### Short descriptive text snippets
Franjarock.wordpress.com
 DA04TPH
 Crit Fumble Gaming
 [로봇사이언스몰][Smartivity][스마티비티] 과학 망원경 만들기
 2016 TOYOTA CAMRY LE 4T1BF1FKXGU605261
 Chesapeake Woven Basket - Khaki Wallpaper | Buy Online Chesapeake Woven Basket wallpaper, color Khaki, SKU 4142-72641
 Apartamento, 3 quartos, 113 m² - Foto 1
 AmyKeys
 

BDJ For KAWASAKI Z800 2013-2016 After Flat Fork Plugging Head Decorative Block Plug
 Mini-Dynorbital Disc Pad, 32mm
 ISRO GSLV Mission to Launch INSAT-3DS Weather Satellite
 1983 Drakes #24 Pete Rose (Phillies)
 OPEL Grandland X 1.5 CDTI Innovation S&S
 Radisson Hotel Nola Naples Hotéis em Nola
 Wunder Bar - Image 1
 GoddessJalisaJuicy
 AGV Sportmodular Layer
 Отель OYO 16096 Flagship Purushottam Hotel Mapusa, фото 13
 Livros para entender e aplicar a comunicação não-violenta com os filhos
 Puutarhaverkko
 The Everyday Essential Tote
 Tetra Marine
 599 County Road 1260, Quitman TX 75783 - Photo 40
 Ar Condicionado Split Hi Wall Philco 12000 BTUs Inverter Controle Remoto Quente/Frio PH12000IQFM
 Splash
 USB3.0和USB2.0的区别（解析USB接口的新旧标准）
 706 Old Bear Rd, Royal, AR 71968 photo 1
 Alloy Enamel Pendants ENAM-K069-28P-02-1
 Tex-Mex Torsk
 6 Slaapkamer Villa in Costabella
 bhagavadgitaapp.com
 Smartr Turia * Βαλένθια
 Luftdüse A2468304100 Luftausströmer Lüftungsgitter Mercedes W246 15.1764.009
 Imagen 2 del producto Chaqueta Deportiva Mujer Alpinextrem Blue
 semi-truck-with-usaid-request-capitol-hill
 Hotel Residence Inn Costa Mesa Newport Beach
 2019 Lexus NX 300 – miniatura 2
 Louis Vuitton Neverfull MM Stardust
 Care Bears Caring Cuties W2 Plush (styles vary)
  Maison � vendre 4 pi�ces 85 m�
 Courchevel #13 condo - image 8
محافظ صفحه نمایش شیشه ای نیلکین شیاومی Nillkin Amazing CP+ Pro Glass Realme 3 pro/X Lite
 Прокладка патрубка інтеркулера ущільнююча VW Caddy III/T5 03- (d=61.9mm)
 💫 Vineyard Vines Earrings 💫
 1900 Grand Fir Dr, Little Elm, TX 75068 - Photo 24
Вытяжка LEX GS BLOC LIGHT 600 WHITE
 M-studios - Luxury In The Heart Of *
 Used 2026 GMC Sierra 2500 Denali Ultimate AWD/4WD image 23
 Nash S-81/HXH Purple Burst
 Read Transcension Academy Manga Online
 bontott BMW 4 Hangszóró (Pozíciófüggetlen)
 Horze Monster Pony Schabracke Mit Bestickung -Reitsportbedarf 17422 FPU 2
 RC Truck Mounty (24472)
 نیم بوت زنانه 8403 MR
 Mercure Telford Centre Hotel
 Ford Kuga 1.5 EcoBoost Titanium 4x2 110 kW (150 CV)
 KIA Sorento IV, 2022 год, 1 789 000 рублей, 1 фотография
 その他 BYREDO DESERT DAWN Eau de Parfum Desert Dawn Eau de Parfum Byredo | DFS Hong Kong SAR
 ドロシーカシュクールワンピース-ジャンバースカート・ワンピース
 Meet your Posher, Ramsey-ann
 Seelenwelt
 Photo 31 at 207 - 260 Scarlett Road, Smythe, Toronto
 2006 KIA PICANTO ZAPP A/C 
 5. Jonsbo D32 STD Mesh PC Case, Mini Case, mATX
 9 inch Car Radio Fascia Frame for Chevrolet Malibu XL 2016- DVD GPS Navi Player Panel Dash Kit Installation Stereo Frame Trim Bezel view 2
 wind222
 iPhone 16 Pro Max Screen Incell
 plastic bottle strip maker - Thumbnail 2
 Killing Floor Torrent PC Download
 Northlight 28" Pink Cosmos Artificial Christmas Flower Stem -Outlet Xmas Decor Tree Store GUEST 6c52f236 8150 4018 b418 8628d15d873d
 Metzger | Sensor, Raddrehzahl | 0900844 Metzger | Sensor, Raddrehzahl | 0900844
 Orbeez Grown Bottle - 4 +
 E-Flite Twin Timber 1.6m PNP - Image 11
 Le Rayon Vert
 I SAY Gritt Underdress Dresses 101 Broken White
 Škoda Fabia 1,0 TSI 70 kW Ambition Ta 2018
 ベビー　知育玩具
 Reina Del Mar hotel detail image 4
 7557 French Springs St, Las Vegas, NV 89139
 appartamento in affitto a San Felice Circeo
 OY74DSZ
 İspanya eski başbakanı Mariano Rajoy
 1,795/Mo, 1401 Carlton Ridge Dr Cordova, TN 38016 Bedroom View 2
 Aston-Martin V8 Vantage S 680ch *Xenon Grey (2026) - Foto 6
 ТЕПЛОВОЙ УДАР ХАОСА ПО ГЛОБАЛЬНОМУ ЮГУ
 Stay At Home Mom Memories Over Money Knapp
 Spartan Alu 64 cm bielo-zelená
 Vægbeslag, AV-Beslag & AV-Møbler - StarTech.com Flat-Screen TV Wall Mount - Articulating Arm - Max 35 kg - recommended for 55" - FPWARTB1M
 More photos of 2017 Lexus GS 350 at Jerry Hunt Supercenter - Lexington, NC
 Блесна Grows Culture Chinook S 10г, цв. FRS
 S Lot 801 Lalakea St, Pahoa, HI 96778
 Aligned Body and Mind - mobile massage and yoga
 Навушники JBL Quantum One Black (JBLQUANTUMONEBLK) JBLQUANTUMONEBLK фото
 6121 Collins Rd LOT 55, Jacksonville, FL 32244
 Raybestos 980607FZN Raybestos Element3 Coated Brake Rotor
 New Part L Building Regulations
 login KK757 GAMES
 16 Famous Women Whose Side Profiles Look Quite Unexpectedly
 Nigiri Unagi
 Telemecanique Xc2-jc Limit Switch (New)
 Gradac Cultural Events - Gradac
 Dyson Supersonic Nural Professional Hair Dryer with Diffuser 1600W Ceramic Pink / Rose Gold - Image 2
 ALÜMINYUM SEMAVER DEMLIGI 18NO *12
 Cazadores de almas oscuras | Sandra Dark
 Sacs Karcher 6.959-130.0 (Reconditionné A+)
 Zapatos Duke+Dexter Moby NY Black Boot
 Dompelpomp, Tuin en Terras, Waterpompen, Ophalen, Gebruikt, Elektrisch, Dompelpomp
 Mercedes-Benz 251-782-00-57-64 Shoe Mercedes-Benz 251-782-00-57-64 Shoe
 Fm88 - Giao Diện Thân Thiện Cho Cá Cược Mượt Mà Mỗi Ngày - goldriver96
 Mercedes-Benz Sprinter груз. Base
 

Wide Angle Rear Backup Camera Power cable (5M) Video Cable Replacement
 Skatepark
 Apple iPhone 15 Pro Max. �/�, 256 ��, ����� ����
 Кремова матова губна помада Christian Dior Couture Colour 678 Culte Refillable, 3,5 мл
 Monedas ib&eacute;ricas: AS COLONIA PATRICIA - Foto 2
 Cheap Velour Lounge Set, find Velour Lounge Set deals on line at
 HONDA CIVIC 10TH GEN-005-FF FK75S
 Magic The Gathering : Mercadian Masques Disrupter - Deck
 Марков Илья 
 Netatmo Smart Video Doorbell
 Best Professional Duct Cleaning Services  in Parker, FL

### Problem
Could you please repeat the data exactly as given?

### Solution below
Franjarock.wordpress.com
 DA04TPH
 Crit Fumble Gaming
 [로봇사이언스몰][Smartivity][스마티비티] 과학 망원경 만들기
 2016 TOYOTA CAMRY LE 4T1BF1FKXGU605261
 Chesapeake Woven Basket - Khaki Wallpaper | Buy Online Chesapeake Woven Basket wallpaper, color Khaki, SKU 4142-72641
 Apartamento, 3 quartos, 113 m² - Foto 1
 AmyKeys
 

BDJ For KAWASAKI Z800 2013-2016 After Flat Fork Plugging Head Decorative Block Plug
 Mini-Dynorbital Disc Pad, 32mm
 ISRO GSLV Mission to Launch INSAT-3DS Weather Satellite
 1983 Drakes #24 Pete Rose (Phillies)
 OPEL Grandland X 1.5 CDTI Innovation S&S
 Radisson Hotel Nola Naples Hotéis em Nola
 Wunder Bar - Image 1
 GoddessJalisaJuicy
 AGV Sportmodular Layer
 Отель OYO 16096 Flagship Purushottam Hotel Mapusa, фото 13
 Livros para entender e aplicar a comunicação não-violenta com os filhos
 Puutarhaverkko
 The Everyday Essential Tote
 Tetra Marine
 599 County Road 1260, Quitman TX 75783 - Photo 40
 Ar Condicionado Split Hi Wall Philco 12000 BTUs Inverter Controle Remoto Quente/Frio PH12000IQFM
 Splash
 USB3.0和USB2.0的区别（解析USB接口的新旧标准）
 706 Old Bear Rd, Royal, AR 71968 photo 1
 Alloy Enamel Pendants ENAM-K069-28P-02-1
 Tex-Mex Torsk
 6 Slaapkamer Villa in Costabella
 bhagavadgitaapp.com
 Smartr Turia * Βαλένθια
 Luftdüse A2468304100 Luftausströmer Lüftungsgitter Mercedes W246 15.1764.009
 Imagen 2 del producto Chaqueta Deportiva Mujer Alpinextrem Blue
 semi-truck-with-usaid-request-capitol-hill
 Hotel Residence Inn Costa Mesa Newport Beach
 2019 Lexus NX 300 – miniatura 2
 Louis Vuitton Neverfull MM Stardust
 Care Bears Caring Cuties W2 Plush (styles vary)
  Maison � vendre 4 pi�ces 85 m�
 Courchevel #13 condo - image 8
محافظ صفحه نمایش شیشه ای نیلکین شیاومی Nillkin Amazing CP+ Pro Glass Realme 3 pro/X Lite
 Прокладка патрубка інтеркулера ущільнююча VW Caddy III/T5 03- (d=61.9mm)
 💫 Vineyard Vines Earrings 💫
 1900 Grand Fir Dr, Little Elm, TX 75068 - Photo 24
Вытяжка LEX GS BLOC LIGHT 600 WHITE
 M-studios - Luxury In The Heart Of *
 Used 2026 GMC Sierra 2500 Denali Ultimate AWD/4WD image 23
 Nash S-81/HXH Purple Burst
 Read Transcension Academy Manga Online
 bontott BMW 4 Hangszóró (Pozíciófüggetlen)
 Horze Monster Pony Schabracke Mit Bestickung -Reitsportbedarf 17422 FPU 2
 RC Truck Mounty (24472)
 نیم بوت زنانه 8403 MR
 Mercure Telford Centre Hotel
 Ford Kuga 1.5 EcoBoost Titanium 4x2 110 kW (150 CV)
 KIA Sorento IV, 2022 год, 1 789 000 рублей, 1 фотография
 その他 BYREDO DESERT DAWN Eau de Parfum Desert Dawn Eau de Parfum Byredo | DFS Hong Kong SAR
 ドロシーカシュクールワンピース-ジャンバースカート・ワンピース
 Meet your Posher, Ramsey-ann
 Seelenwelt
 Photo 31 at 207 - 260 Scarlett Road, Smythe, Toronto
 2006 KIA PICANTO ZAPP A/C 
 5. Jonsbo D32 STD Mesh PC Case, Mini Case, mATX
 9 inch Car Radio Fascia Frame for Chevrolet Malibu XL 2016- DVD GPS Navi Player Panel Dash Kit Installation Stereo Frame Trim Bezel view 2
 wind222
 iPhone 16 Pro Max Screen Incell
 plastic bottle strip maker - Thumbnail 2
 Killing Floor Torrent PC Download
 Northlight 28" Pink Cosmos Artificial Christmas Flower Stem -Outlet Xmas Decor Tree Store GUEST 6c52f236 8150 4018 b418 8628d15d873d
 Metzger | Sensor, Raddrehzahl | 0900844 Metzger | Sensor, Raddrehzahl | 0900844
 Orbeez Grown Bottle - 4 +
 E-Flite Twin Timber 1.6m PNP - Image 11
 Le Rayon Vert
 I SAY Gritt Underdress Dresses 101 Broken White
 Škoda Fabia 1,0 TSI 70 kW Ambition Ta 2018
 ベビー　知育玩具
 Reina Del Mar hotel detail image 4
 7557 French Springs St, Las Vegas, NV 89139
 appartamento in affitto a San Felice Circeo
 OY74DSZ
 İspanya eski başbakanı Mariano Rajoy
 1,795/Mo, 1401 Carlton Ridge Dr Cordova, TN 38016 Bedroom View 2
 Aston-Martin V8 Vantage S 680ch *Xenon Grey (2026) - Foto 6
 ТЕПЛОВОЙ УДАР ХАОСА ПО ГЛОБАЛЬНОМУ ЮГУ
 Stay At Home Mom Memories Over Money Knapp
 Spartan Alu 64 cm bielo-zelená
 Vægbeslag, AV-Beslag & AV-Møbler - StarTech.com Flat-Screen TV Wall Mount - Articulating Arm - Max 35 kg - recommended for 55" - FPWARTB1M
 More photos of 2017 Lexus GS 350 at Jerry Hunt Supercenter - Lexington, NC
 Блесна Grows Culture Chinook S 10г, цв. FRS
 S Lot 801 Lalakea St, Pahoa, HI 96778
 Aligned Body and Mind - mobile massage and yoga
 Навушники JBL Quantum One Black (JBLQUANTUMONEBLK) JBLQUANTUMONEBLK фото
 6121 Collins Rd LOT 55, Jacksonville, FL 32244
 Raybestos 980607FZN Raybestos Element3 Coated Brake Rotor
 New Part L Building Regulations
 login KK757 GAMES
 16 Famous Women Whose Side Profiles Look Quite Unexpectedly
 Nigiri Unagi
 Telemecanique Xc2-jc Limit Switch (New)
 Gradac Cultural Events - Gradac
 Dyson Supersonic Nural Professional Hair Dryer with Diffuser 1600W Ceramic Pink / Rose Gold - Image 2
 ALÜMINYUM SEMAVER DEMLIGI 18NO *12
 Cazadores de almas oscuras | Sandra Dark
 Sacs Karcher 6.959-130.0 (Reconditionné A+)
 Zapatos Duke+Dexter Moby NY Black Boot
 Dompelpomp, Tuin en Terras, Waterpompen, Ophalen, Gebruikt, Elektrisch, Dompelpomp
 Mercedes-Benz 251-782-00-57-64 Shoe Mercedes-Benz 251-782-00-57-64 Shoe
 Fm88 - Giao Diện Thân Thiện Cho Cá Cược Mượt Mà Mỗi Ngày - goldriver96
 Mercedes-Benz Sprinter груз. Base
 

Wide Angle Rear Backup Camera Power cable (5M) Video Cable Replacement
 Skatepark
 Apple iPhone 15 Pro Max. �/�, 256 ��, ����� ����
 Кремова матова губна помада Christian Dior Couture Colour 678 Culte Refillable, 3,5 мл
 Monedas ib&eacute;ricas: AS COLONIA PATRICIA - Foto 2
 Cheap Velour Lounge Set, find Velour Lounge Set deals on line at
 HONDA CIVIC 10TH GEN-005-FF FK75S
 Magic The Gathering : Mercadian Masques Disrupter - Deck
 Марков Илья 
 Netatmo Smart Video Doorbell
 Best Professional Duct Cleaning Services  in Parker, FL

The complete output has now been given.